OSSPREY System Architecture

OSSPREY: Open Source Software PRojEct sustainabilitY tracker

Department of Computer Science, University of California, Davis

Abstract

OSSPREY (Open Source PRoject sustainabilitY tracker) is built to help open source projects not just survive, but thrive. Instead of relying on surface-level metrics, OSSPREY looks deeper — mapping how people collaborate, how code evolves, and how projects grow or struggle over time. We combine network analysis, machine learning, and lessons pulled directly from real research to offer practical, evidence-based recommendations — not just vague advice. Our goal is simple: make it easier for maintainers, contributors, and foundations to spot risks early, understand what’s working, and take action to build more sustainable projects. Open source is complex and always changing. OSSPREY gives you tools that grow with you — whether you're steering a small project or managing a major foundation’s portfolio. It’s not about static scores or dashboards; it’s about building a healthier future for your community.

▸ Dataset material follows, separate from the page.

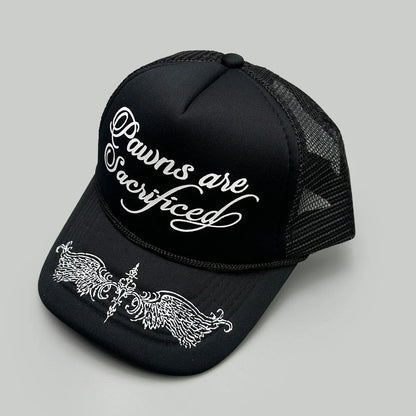New Unisex Personal Printed Letters Wing Baseball Hats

To learn more about OSSPREY, visit our live link at ossprey.netlify.app.

System Architecture

OSSPREY System Architecture
Figure: System architecture of OSSPREY

OSSPREY leverages a robust data processing pipeline, socio-technical network modeling, machine learning predictions, and evidence-driven recommendations to support OSS maintainers and communities. Below is a detailed breakdown of its architecture.

1. Data Scraper (Rust)

The pipeline begins with a fast and reliable data scraping engine implemented in Rust. This component retrieves raw project data from various open-source repositories such as GitHub, Apache, and Eclipse. It collects key information including commit histories, issue threads, pull requests, contributor activity, and email communications when available. Rust was chosen for its performance and memory safety, allowing efficient scraping of large datasets across many projects.

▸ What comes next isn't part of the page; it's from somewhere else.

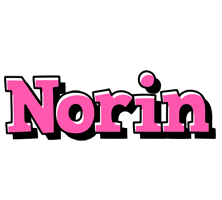 Norin girlish logo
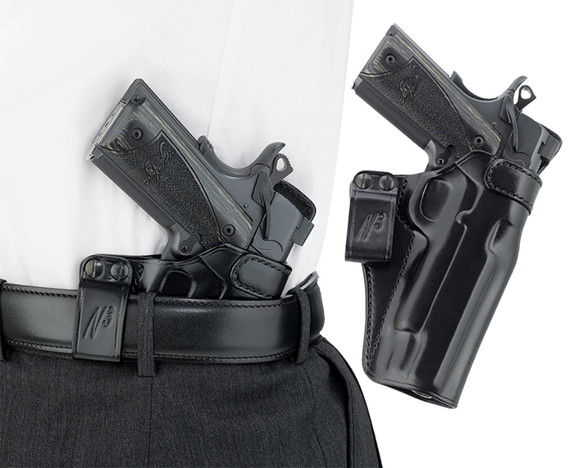Galco WB226B Waistband Inside The Pants Fits Glock 19/23/32 Steerhide Black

2. Network Generator (Python)

The next stage processes the raw data into structured monthly socio-technical networks. Two types of networks are constructed:

  • Social Networks: Nodes are the developers who communicate via email, lists or issues, and edges indicate their communication. E.g., if A sends an email on the mailing list, and B replies, then A → B. Communication patterns correlate with productivity and organization.
  • Technical Networks: Nodes are the developers (left) and files (right), edges indicate who committed code changes to the files (for tractability we aggregate files by their extensions). Multi-tasking and collaboration behaviors arise in the technical networks.
These dynamic networks offer a detailed view into how OSS communities organize and evolve over time.

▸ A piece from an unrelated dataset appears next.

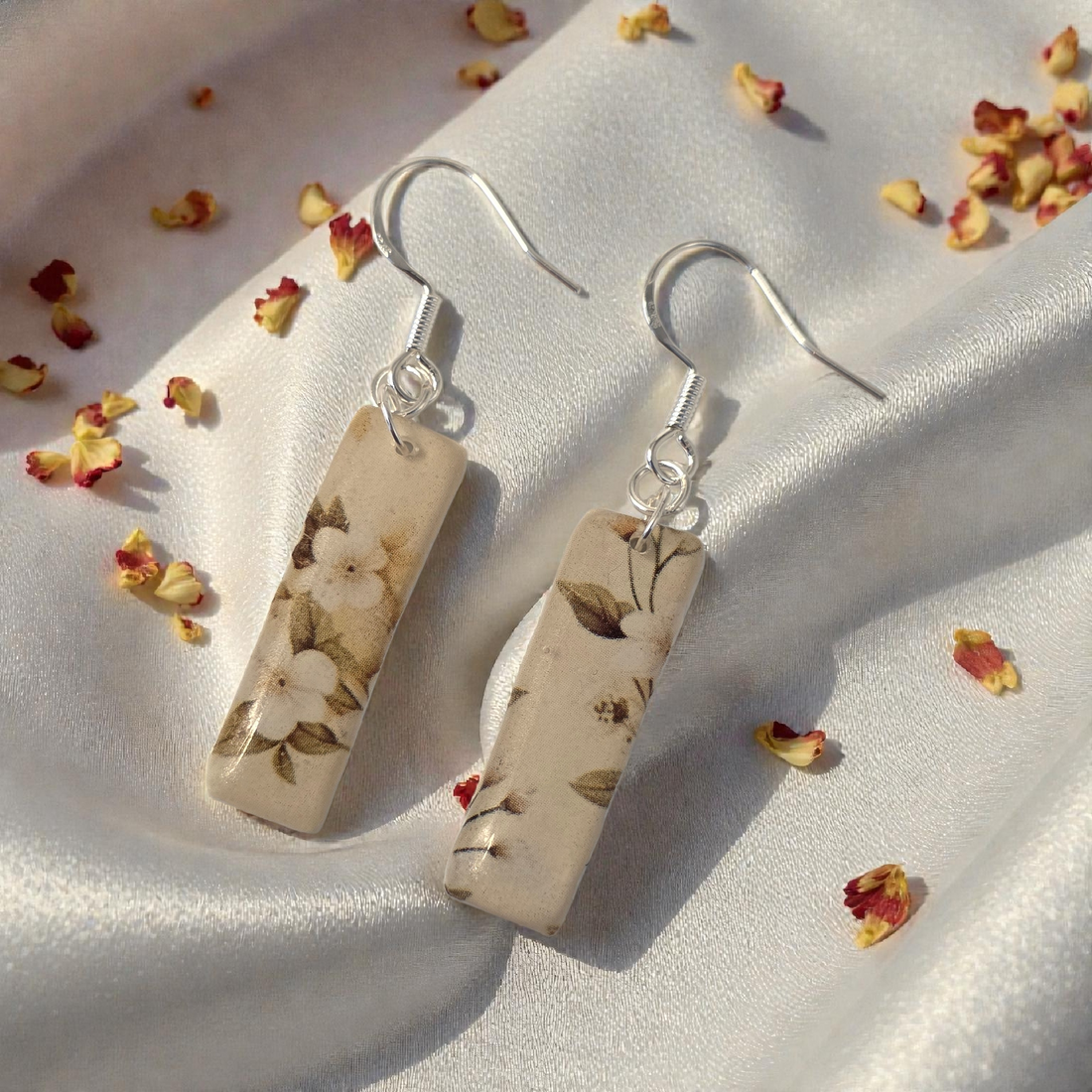 Verity Collection | Handmade Botanical Polymer Clay Earrings | Breathe & Bloom Design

3. Health Predictor (Python)

The Health Predictor is a machine learning module trained on historical OSS project data. It takes the extracted network metrics and evaluates the sustainability of a project using features such as:

  • Contributor centrality and diversity
  • Activity bursts and drop-offs
  • Network modularity and communication density
The output is a prediction about the project's health trajectory, such as whether it's on track to succeed, stagnate, or fail.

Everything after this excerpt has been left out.